Operations at the Port Hawkesbury, Nova Scotia mill have been negatively impacted by the stronger Canadian dollar relative to the U.S. dollar and high utility costs, and the mill is anticipating an additional 16 percent increase in energy costs next year. As compared to the second quarter of 2010 there was a $4 million negative variance to EBITDA as a result of the movement in U.S. / Canadian foreign exchange rates. Port Hawkesbury produces quality supercalendered paper, improved newsprint and standard newsprint for the printing and publishing industries as well as other coated groundwood products. Port Hawkesbury's total production capacity is approximately 600,000 tons per year.

Additional Information

The NewPage Form 10-Q Quarterly Report to be filed with the U.S. Securities and Exchange Commission today will be available on the NewPage Web site. The company believes this information is sufficient to answer questions, and no conference call is planned.

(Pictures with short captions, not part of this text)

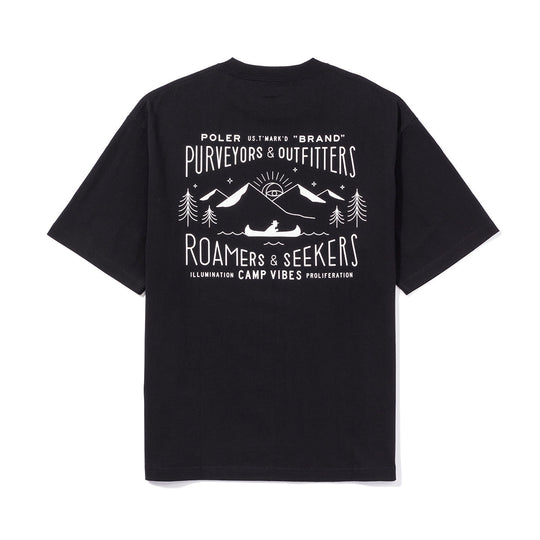 CAMP VIBES Label Relax Fit Tee Shirts M BLACK
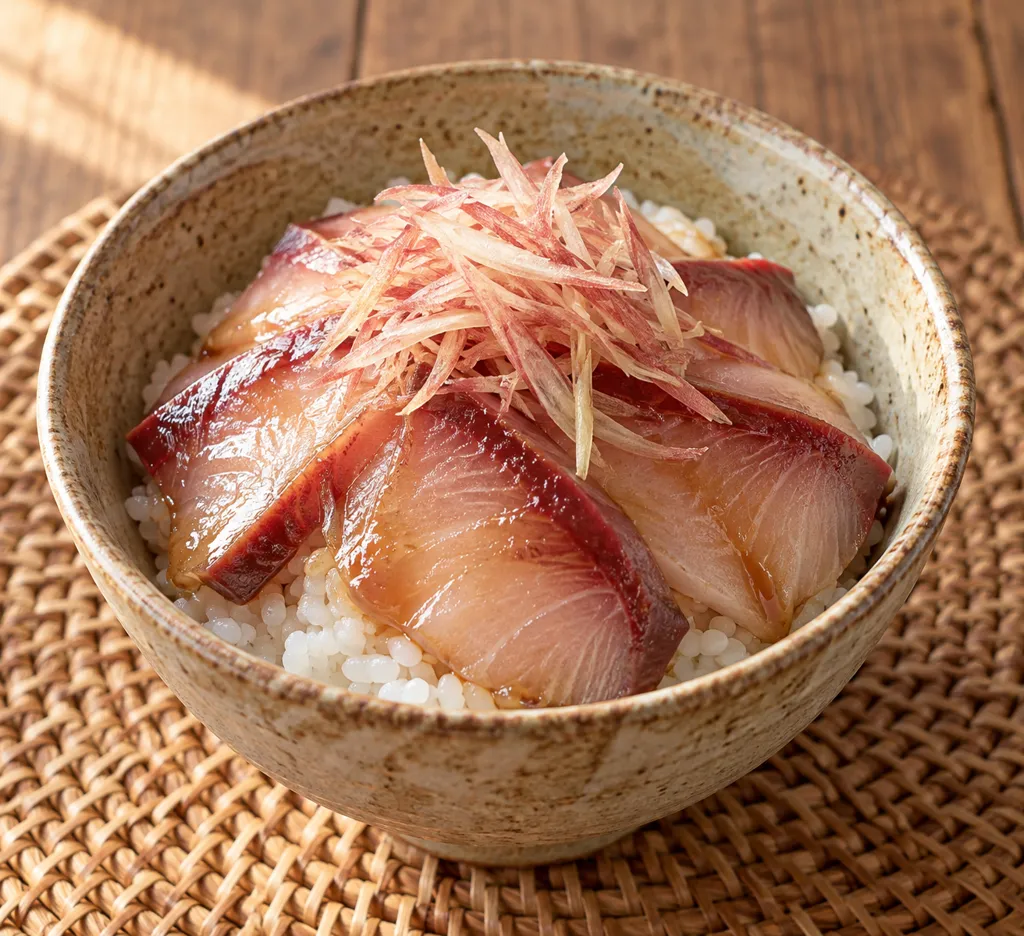 ぶりとみょうがの海鮮丼の完成イメージ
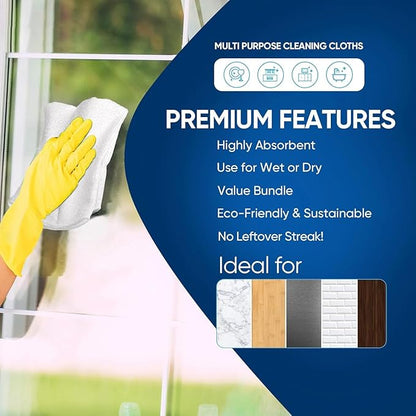 AIDEA Microfiber Cleaning Cloth White-100PK, Absorbent Cleaning Rags,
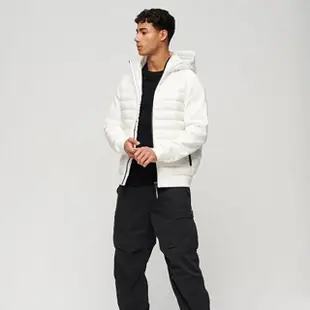 【Superdry】男裝 長連帽外套 保暖 Storm Hybrid Padded(白)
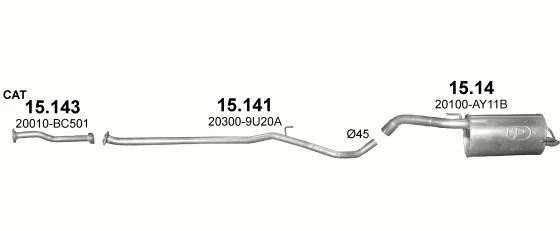 Схема выхлопной системы: Nissan Note E11 · 1.5 дизель, 2006–2009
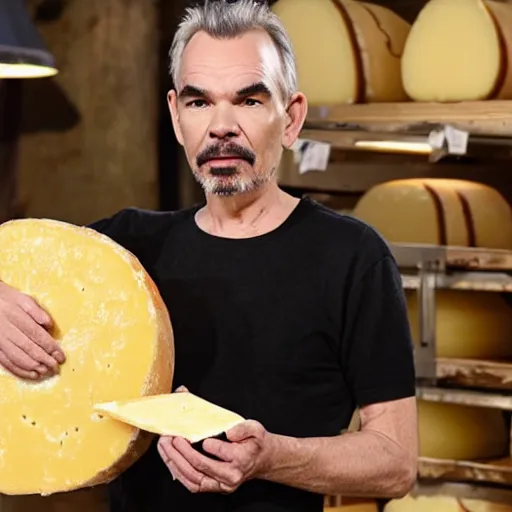 Image similar to billy bob thornton eating a large wheel of cheese,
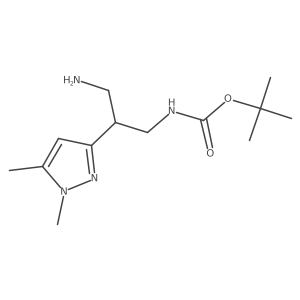tert-butyl N-[3-amino-2-(1,5-dimethyl-1H-pyrazol-3-yl)propyl]carbamate结构式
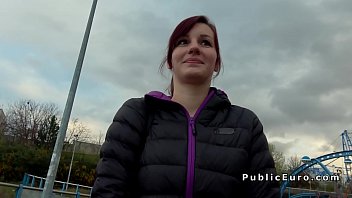 Czech babe blowjob in public outdoor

Headquartered in Miamisburg, Ohio, NewPage Corporation is the largest coated paper manufacturer in North America, based on production capacity, with $3.6 billion in net sales for the year ended December 31, 2010. The company's product portfolio is the broadest in North America and includes coated freesheet, coated groundwood, supercalendered, newsprint and specialty papers. These papers are used for corporate collateral, commercial printing, magazines, catalogs, books, coupons, inserts, newspapers, packaging applications and direct mail advertising.

NewPage owns paper mills in Kentucky, Maine, Maryland, Michigan, Minnesota, Wisconsin and Nova Scotia, Canada. These mills have a total annual production capacity of approximately 4.1 million tons of paper, including approximately 2.9 million tons of coated paper, approximately 1.0 million tons of uncoated paper and approximately 200,000 tons of specialty paper.